The Fall Meeting of the American Bar Association Section of International Law concludes today in Miami. Panels on this last day included a popular legal ethics program. Using short video clips from a variety of movies and television shows, the panel discussed how particular ethical situations would be handled under the ethics rules of the United States, Mexico, and Peru. The speakers were Robert A. Anguiera (Robert A. Anguira P.A., Miami); Eduardo Benevides (Berninzon & Benavides Abogados, Lima Peru); and Andres Nieto (Van Wobeser y Sierra S.C., Mexico City); and Robert J. Misey, Jr. (Reinhart Boerner Van Deuren S.C., Chicago and Milwaukee).
Movie and television clips included:
- The Rainmaker, where Matt Damon plays Rudy Baylor, a rookie lawyer in over his head on a high-profile case. Rule 1.1 of the ABA Model Rules of Professional Conduct requires a lawyer to "provide competent representation to a client. Competent representation requires the legal knowledge, skill, thoroughness and preparation reasonably necessary for the representation."
- Primal Fear, in which Richard Gear plays an attorney who changes the label on a VHS tape that has potential use as evidence in the case he's working on. Rule 3.4 of the ABA Model Rules of Professional Conduct provides that a lawyer "shall not alter or conceal material having evidentiary value."
- Suits, a television show in which Lewis, a junior partner, is caught by opposing counsel attempting to bribe a potential witness. Opposing counsel then uses this attempted bribe to force a favorable settlement for his client. The senior partners appear to condone the proposed settlement. The clip of the television show considered ethical responsibilities to partners, managers, and supervisory lawyers. The applicable rules from the ABA Model Rules of Professional Conduct included: (1) Rule 5.1(a), which provides that "A partner in a law firm, and a lawyer who individually or together with other lawyers possesses comparable managerial authority in a law firm, shall make reasonable efforts to ensure that the firm has in effect measures giving reasonable assurance that all lawyers in the firm conform to the Rules of Professional Conduct."; (2) Rule 5.2(a), which provides that "A lawyer is bound by the Rules of Professional Conduct notwithstanding that the lawyer acted at the direction of another person."; and (3) Rule 8.3(a), which provides that "A lawyer who knows that another lawyer has committed a violation of the Rules of Professional Conduct that raises a substantial question as to that lawyer's honesty, trustworthiness or fitness as a lawyer in other respects, shall inform the appropriate professional authority."

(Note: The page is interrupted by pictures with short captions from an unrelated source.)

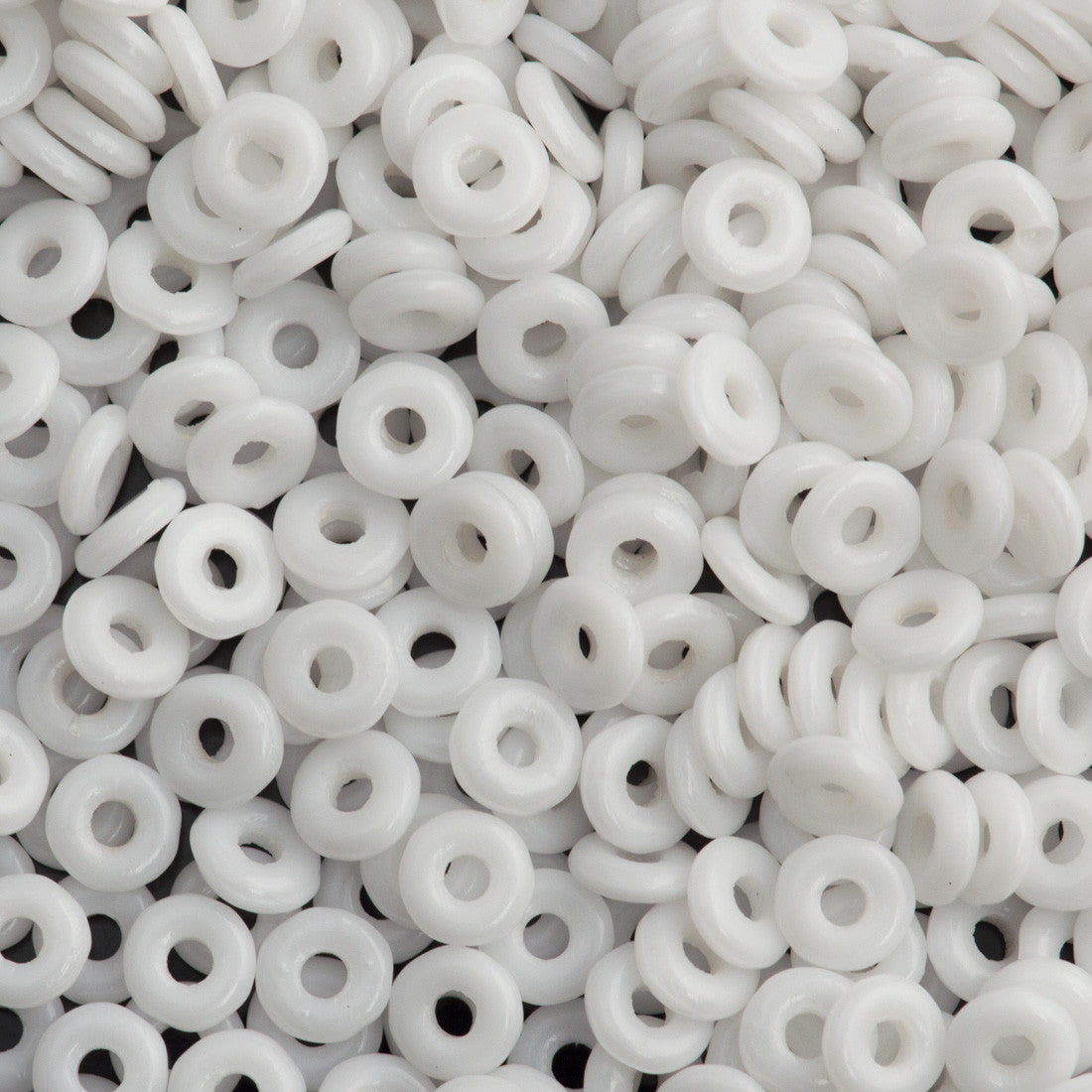 Czech O Beads Opaque White 7.9g Tube (03000)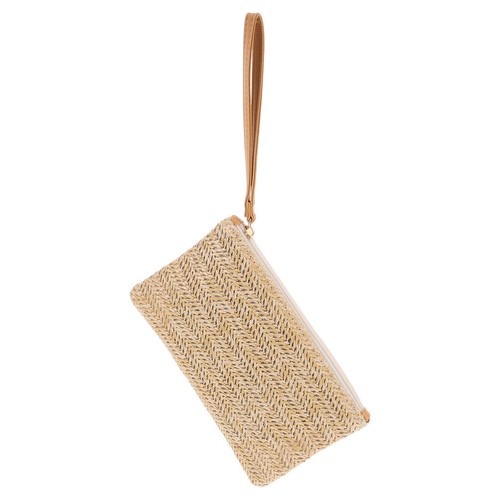 Small straw clutch with handle - small,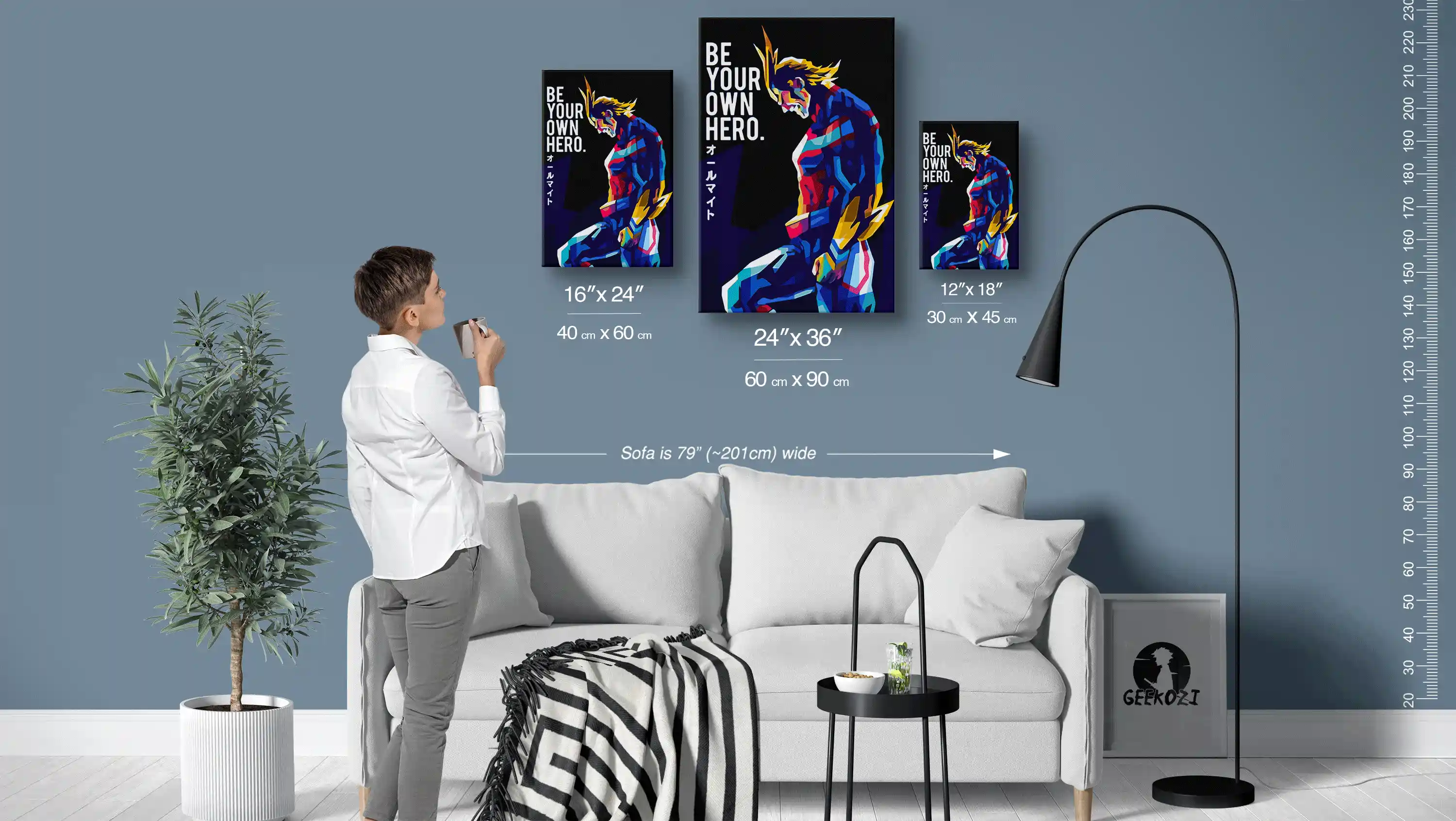 All Might My Hero Academia Size Guide Deluxe Printed Metal Wall Art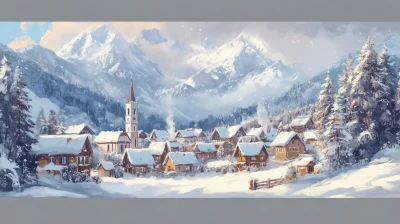 Winter Village in the Mountains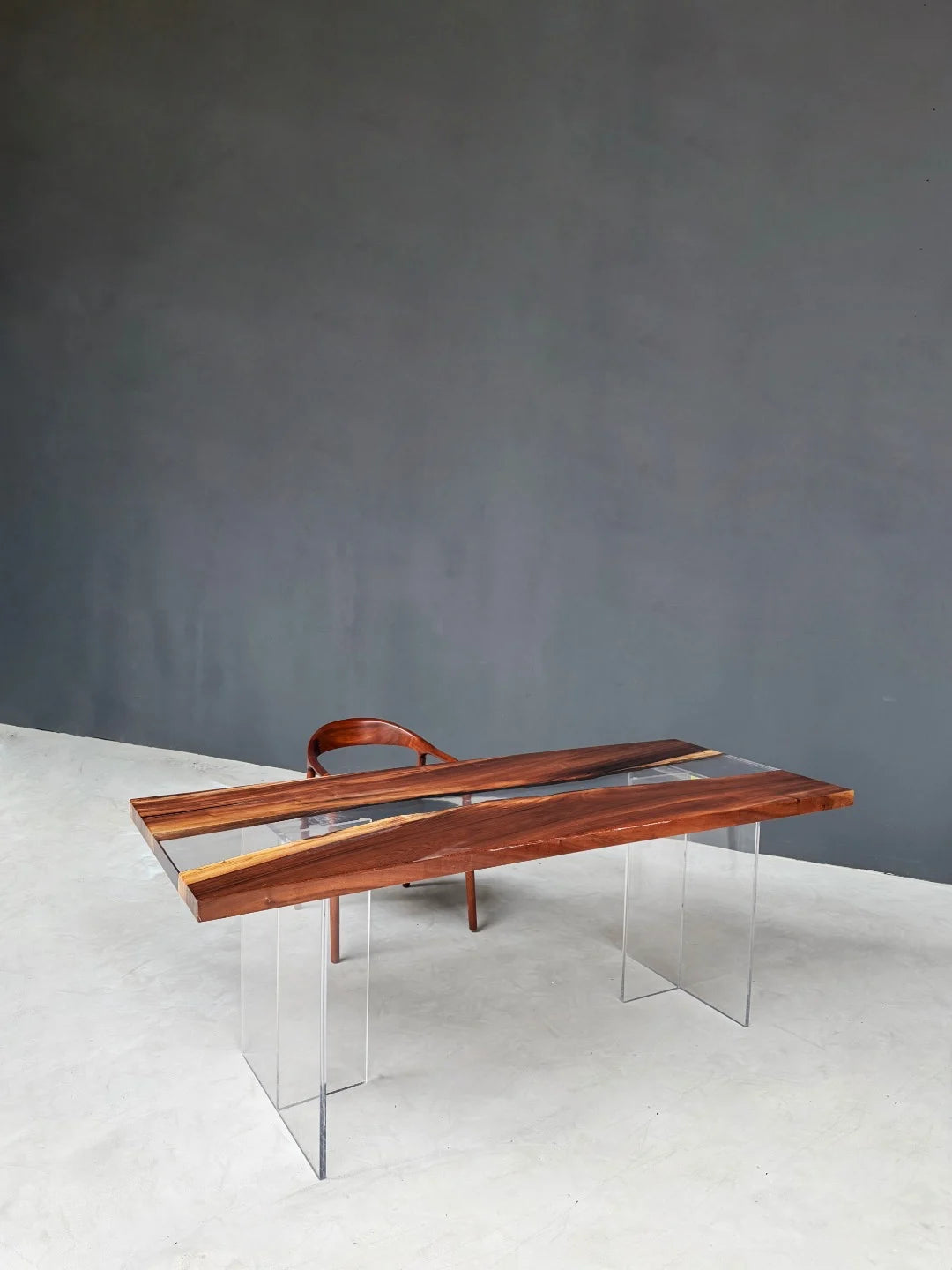 Aurora In Stock 31" x 79" x 2" Luxury South American Walnut Epoxy River Table ATD0057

- Crazy Like a Fox, a show involving a man wrongly accused of murdering his wife (who had not actually been killed). Because he served 12 years for his time for that crime, the man goes to a lawyer to ask whether he would get a "freebie" on a future crime (killing his wife for real this time). Applicable rules from the ABA Model Rules of Professional Conduce included Rule 1.6(b), which provides in part that "A lawyer may reveal information relating to the representation of a client to the extent the lawyer reasonably believes necessary: (1) to prevent reasonably certain death or substantial bodily harm; or (2) to prevent the client from committing a crime or fraud that is reasonably certain to result in substantial injury to the financial interests or property of another and in furtherance of which the client has used or is using the lawyer's services."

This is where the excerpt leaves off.